Alexandre Julliard, desenvolvedor original por trás do Wine, demonstrou rapidamente um port dele para o Android, que no final das contas é um sistema baseado em Linux. O desenvolvimento ainda está em andamento, falta muita, muita coisa. Por isso o projeto ainda não ganhou tanta atenção. Mas será interessante, especialmente para tablets ou aparelhos conectados a monitores externos:
O demo foi mais lento do que o normal pois o Android estava sendo emulado num MacBook.
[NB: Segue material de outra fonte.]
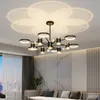 Minimalist Living Room Pendant Lamps Modern Atmosphere Creative Office Lights Nordic Designer Restaurant Hanging Lamps For Ceiling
Segundo o pessoal de lá, ao rodar num dispositivo o desempenho não era tão ruim.
O Phoronix, que acompanha de perto vários projetos relacionados a Linux, tem mais algumas imagens. Mas ainda não há tantos detalhes. Fica no ar a questão da compatibilidade com os softwares x86, visto que a página sobre ARM no site oficial do projeto deixa claro que eles não rodarão no Wine em processadores ARM (que é o caso deste port para Android). Ele seria útil para apps baseados na winelib e talvez WinCE, além de (eventualmente) os apps do Windows RT. Provavelmente a melhor utilidade para os apps atuais seria um port do Wine para Android x86 mesmo, rodando nos (ainda poucos) dispositivos com processadores Intel.